> [Task prompt]:
Write out again the lines from the line with "Adenosine Funny Medical" up to and including the line with "Akebono AN-4335KE Klocki", exactly as they stand below, and skip any picture.

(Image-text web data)
________________________________________

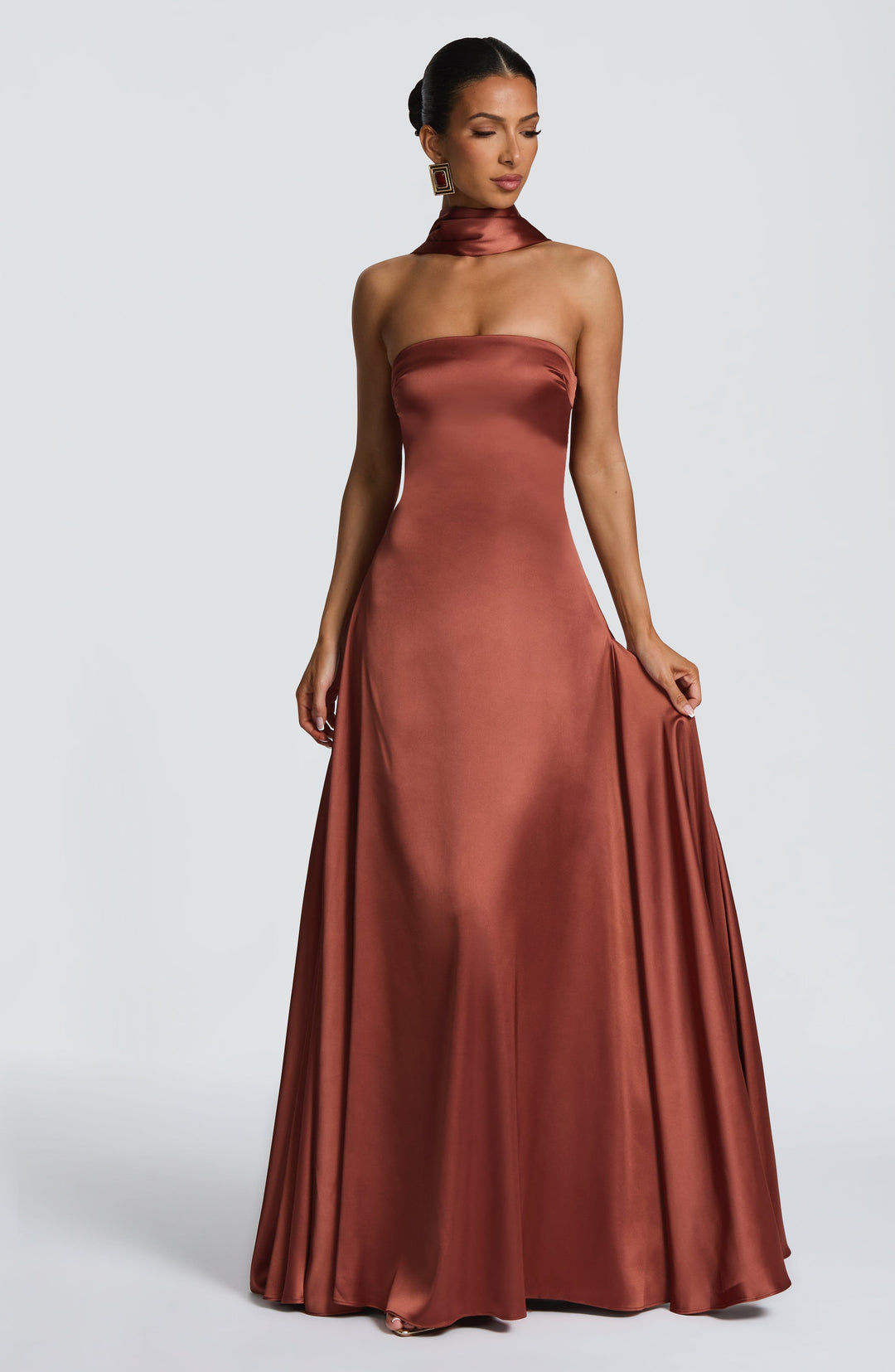 Priyanna Maxi Dress in Rust by Clandour, product photo 2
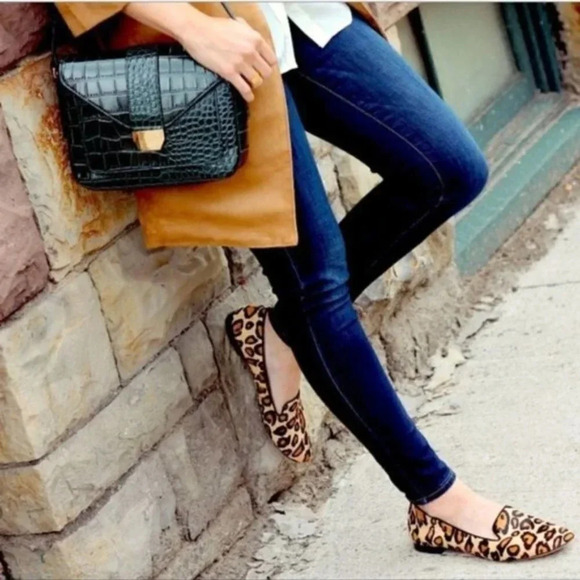 J.crew Addie Leopard Print Loafer Leather Calf Hair Smocking Shoes - Picture 2 of 11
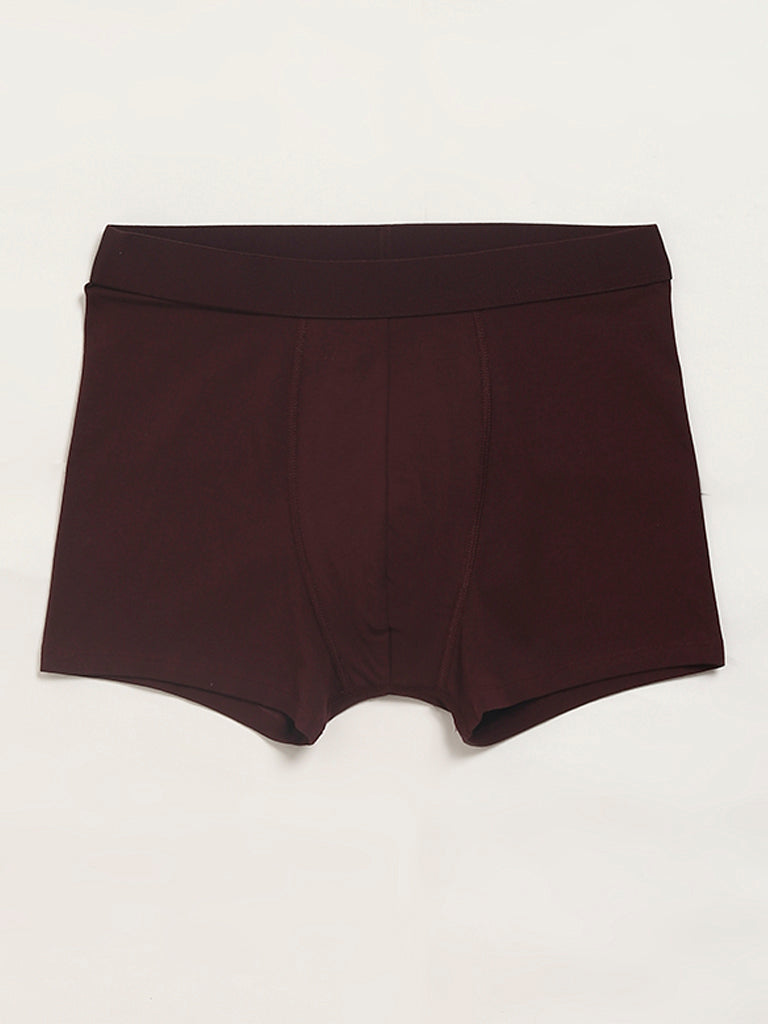 WES Lounge Wine Cotton Trunks - Pack of 2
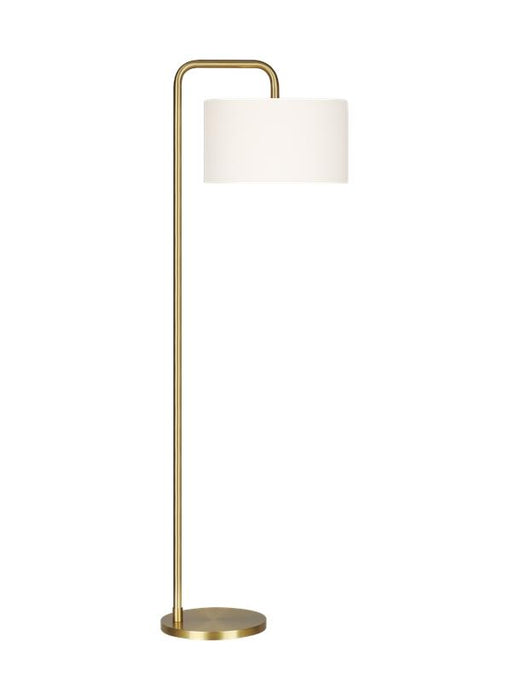 Generation Lighting Dean Floor Lamp Burnished Brass Finish With White Linen Fabric Shade (ET1341BBS1)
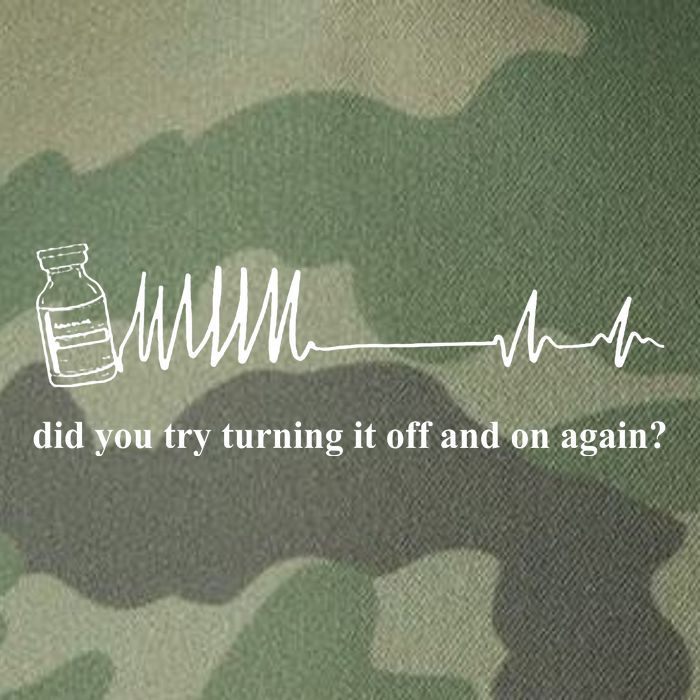 Adenosine Funny Medical Pun Gift Did You Try Turning It On And Off Again Legacy Tie Dye Trucker Hat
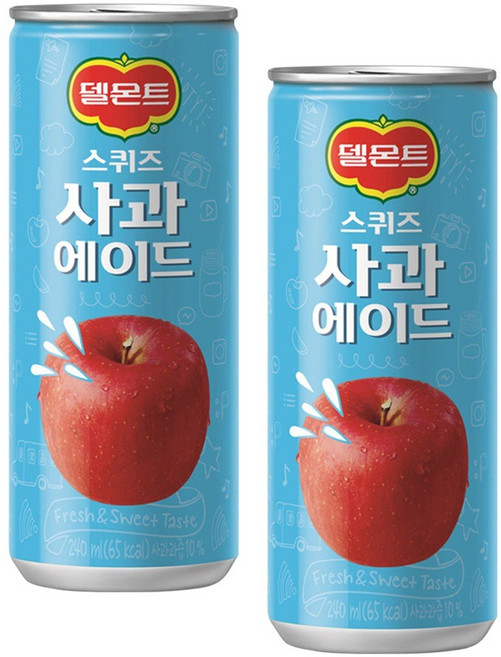스퀴즈 롯데 (30캔x2박스) 사과 x 240ml 60캔, 1, 60개
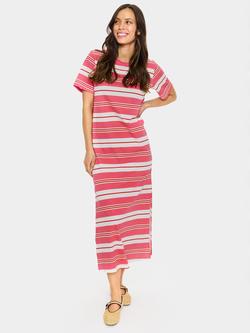 Saint Tropez Faria Stripe T-Shirt Midi Dress, Pink/Red, Pink/Red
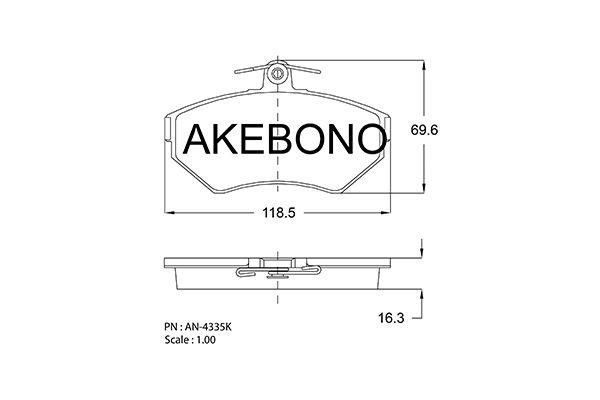 Akebono AN-4335KE Klocki hamulcowe, zestaw AN4335KE: Dobra cena w Polsce na 2407.PL - Kup Teraz!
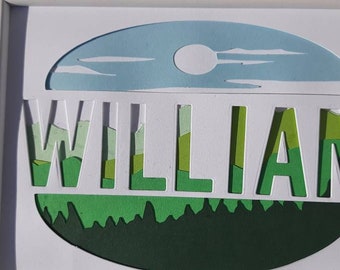 Personalised Name framed artwork 3D Mountain scene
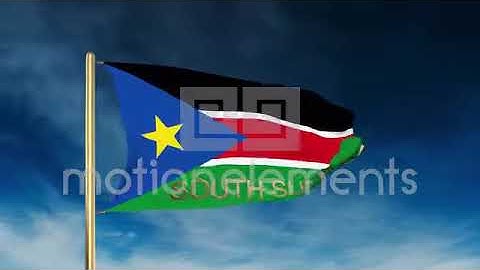 South Sudan Flag Slider Style With Title. Waving In The Wind With Cloud Backgrou Stock Animation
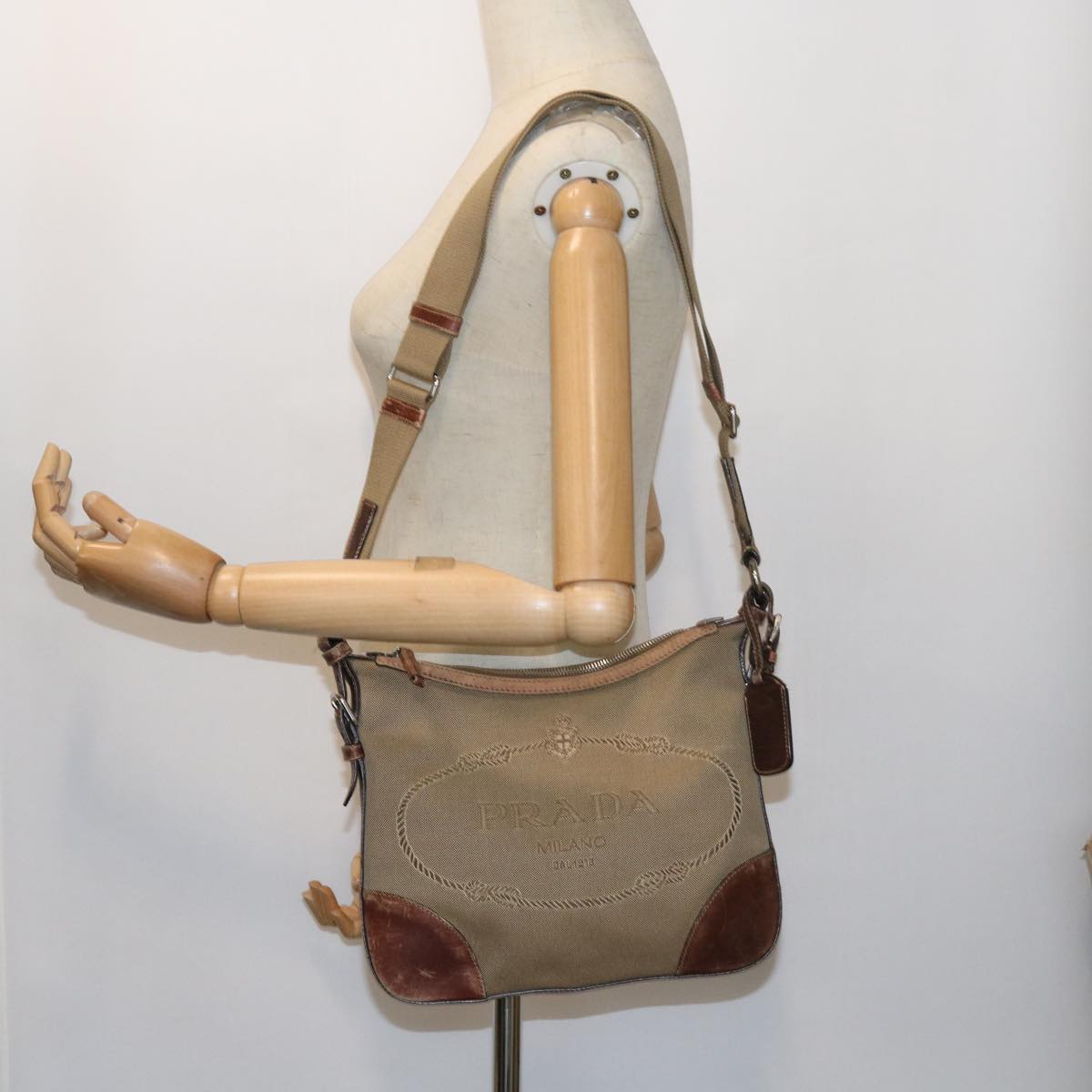 PRADA Shoulder Bag Canvas Beige Auth ar10331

________________________________________

> [Answer to the problem]:
 Adenosine Funny Medical Pun Gift Did You Try Turning It On And Off Again Legacy Tie Dye Trucker Hat
스퀴즈 롯데 (30캔x2박스) 사과 x 240ml 60캔, 1, 60개
 Saint Tropez Faria Stripe T-Shirt Midi Dress, Pink/Red, Pink/Red
 Akebono AN-4335KE Klocki hamulcowe, zestaw AN4335KE: Dobra cena w Polsce na 2407.PL - Kup Teraz!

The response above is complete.